I made my normal enchilada sauce to go head to head with another recipe that I found online. I figured that was perfect for a snow day. I pulled out the ingredients on the counter to make sure that I had everything. I used the ground oregano but normally I use the regular stuff but I haven't had any recipes for the ground stuff so I decided that it was time to use it up.
I added the oil and flour to the pan and stirred together.
They mixed together to make a little paste.
I added the seasoning to the pot and stirred until it was really fragrant. YUM!!
When it all cooked up was a thick paste that I pushed to the edge of the pot.
I measured the chicken broth from the broth that I just made which was super tasty.
When it was mixed, it looked pretty brown but still smelled great.
The other enchilada sauce recipe started with exactly the same other steps but then when I got to this step I added crushed tomatoes before the chicken broth.
When the enchilada sauce was mixed, it was a little more red but still had a lot of brown.
I put them in containers in the fridge side by side for the test.
I put the sauce in the bottom of the pan and it shows you how different they are in color.
We had the enchiladas that night because my husband said it was torture to smell it all day and then not to get to eat them right away. The two flavors were different and both good. We decided that they would be good mixed together so I mixed the extras and put them in the freezer in individual serving sized bags for future use.

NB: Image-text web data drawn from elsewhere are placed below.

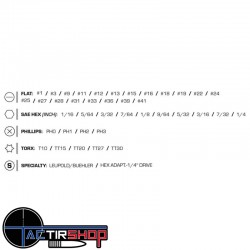 Kit de tournevis Wheeler 43 Pièces Gunsmithing Screwdriver Set www.tactirshop.fr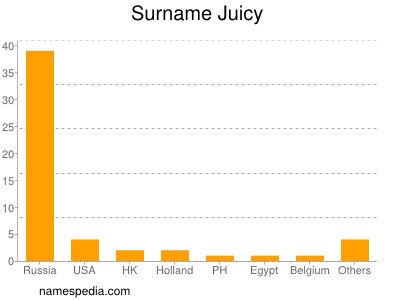 Familiennamen Juicy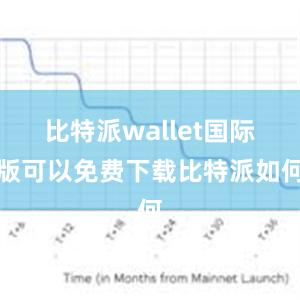 比特派wallet国际版可以免费下载比特派如何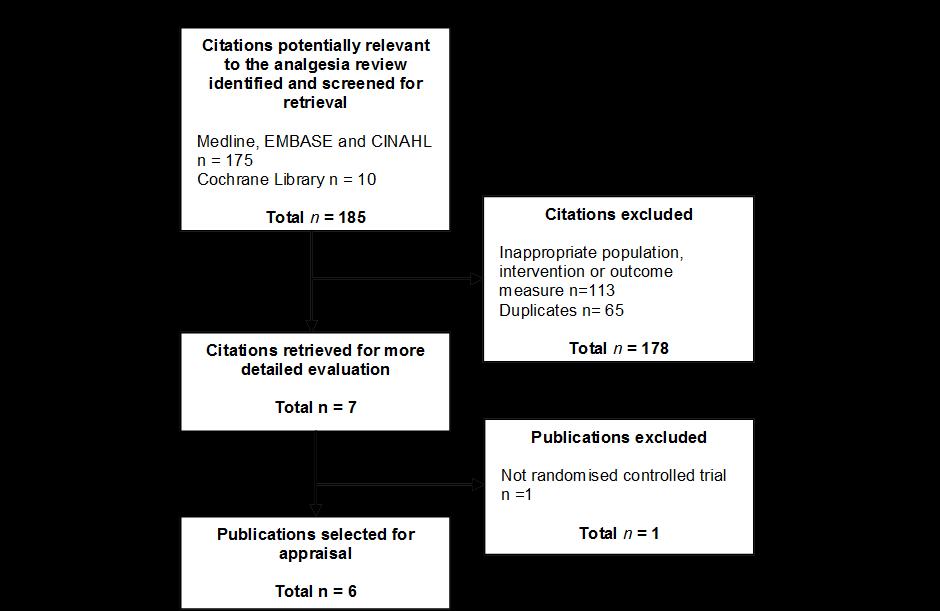 Results of the systematic review of analgesia for pain control during outpatient hysteroscopy Study Selection, Details and Quality The analgesia literature search yielded 185 citations.
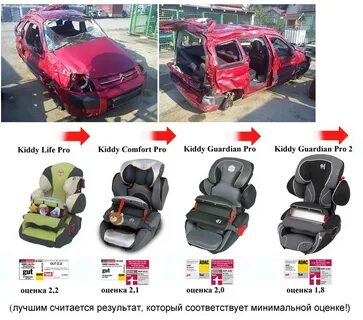 Детский краш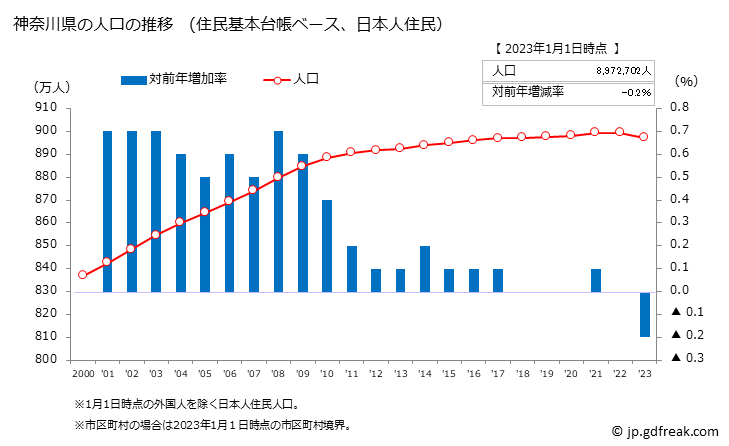 グラフ 神奈川県の人口と世帯 人口推移（住民基本台帳ベース）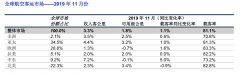 空運港口-國際航協(xié)：全球航空客運需求持續(xù)增長 貨運需求連降13月（附圖）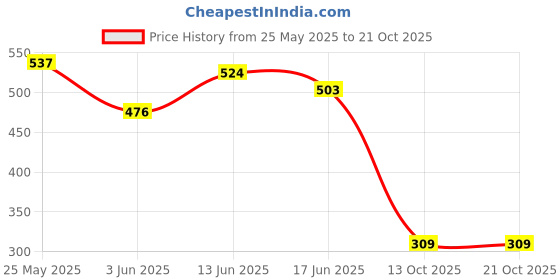 myntra.com BEYOU FASHION Henley Neck Short Sleeves Slim Fit T-shirt beyou fashion Price History Graph from 25 May 2025 to 21 Oct 2025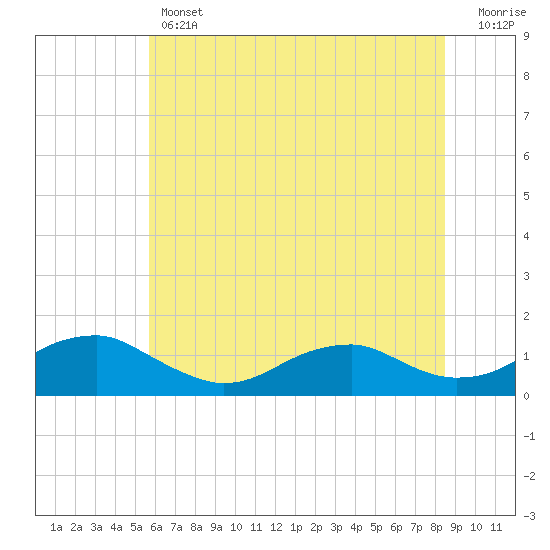Lewisetta tide chart for Thursday, June 12, 2025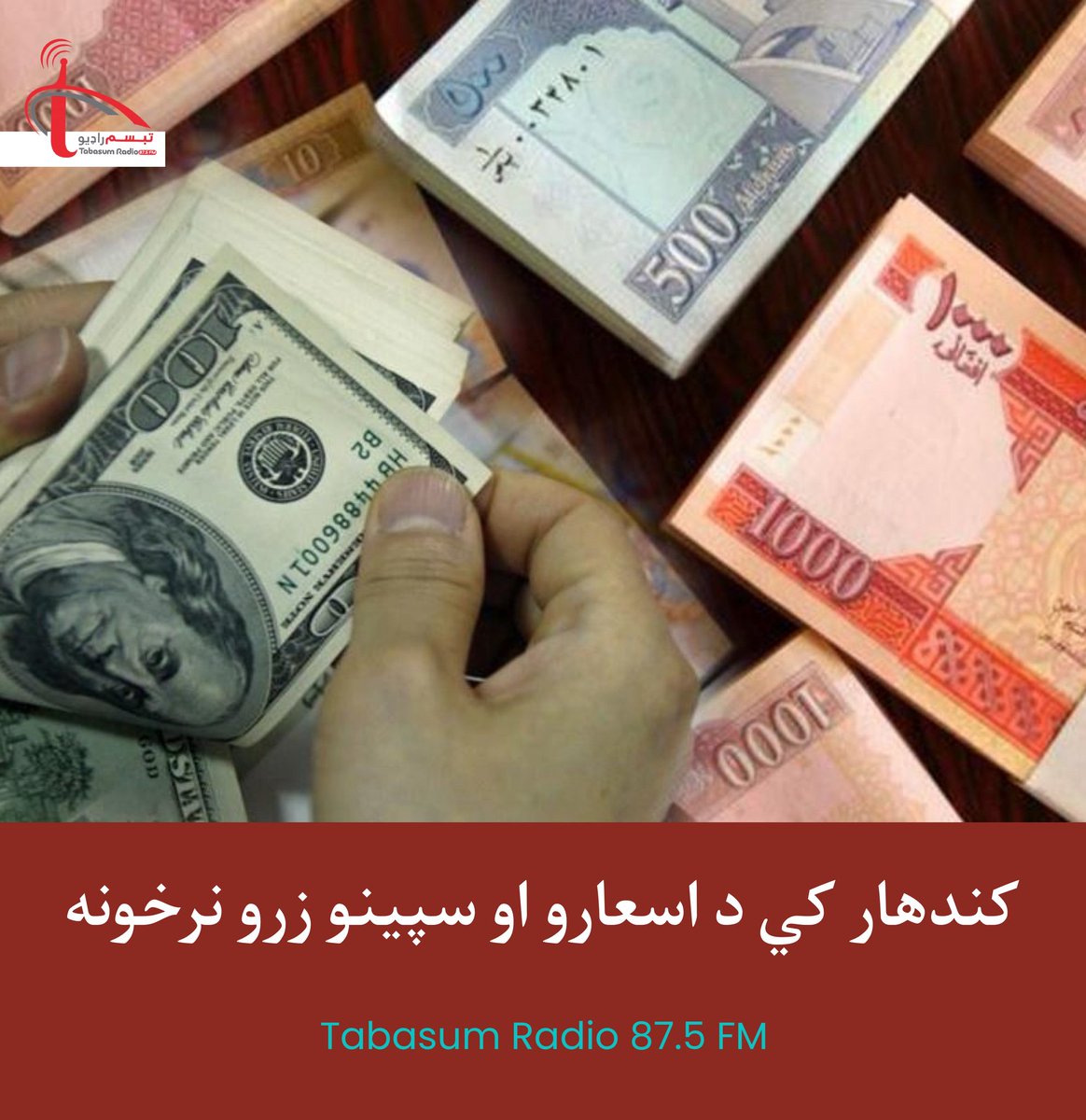 TabasumRadio's tweet photo. کندهار کي د اسعارو وروستي 
نرخونه:

- یو ډالر ۶۴.۶۴ افغانۍ 
- یو ډالر ۲۸۵.۵۰ کلداري
- زر افغانۍ ۴۴۱۸ کلداري

کندهار کي د سپین زر کېلویي نرخ: ۲۰۶۷ ډالره https://t.co/QvxVMXV8a0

I hope that you try them and see what you like for you and your family!!
Red Chili Sauce
Ingredients:
- 2 Tbsp. vegetable or canola oil
- 2 Tbsp. all-purpose or gluten-free flour
- 4 Tbsp. chili powder
- 1/2 tsp. garlic powder
- 1/2 tsp. salt
- 1/4 tsp. cumin
- 1/4 tsp. oregano
- 2 cups chicken or vegetable stock
Directions:
Heat oil in a small saucepan over
medium-high heat. Add flour and stir together over the heat for one minute.
Stir in the remaining seasonings (chili powder through oregano). Then gradually
add in the stock, whisking constantly to remove lumps. Reduce heat and simmer
10-15 minutes until thick.
Use immediately or refrigerate in an
air-tight container for up to two weeks.
Enchilada Sauce
Ingredients:
- 2 tbsp vegetable oil
- 2 tbsp flour
- 2 tbsp chili powder
- 1/2 tsp cumin
- 1/4 tsp cayenne pepper (optional which I don't use)
- 1-2 cups water or chicken broth
- 8 oz crushed tomatoes
- 1 tsp garlic powder
- 1/2 tsp onion powder
- 1/2 tsp salt
Directions:
Heat the oil, flour and chili powder together in a large pot. Allow to cook for a minute or two.
Add
the remaining ingredients and bring to a slow simmer. Stir well to
combine and dissolve tomato paste in water. Allow to cook for at least
20 minutes, stirring occasionally. Add more spices as desired.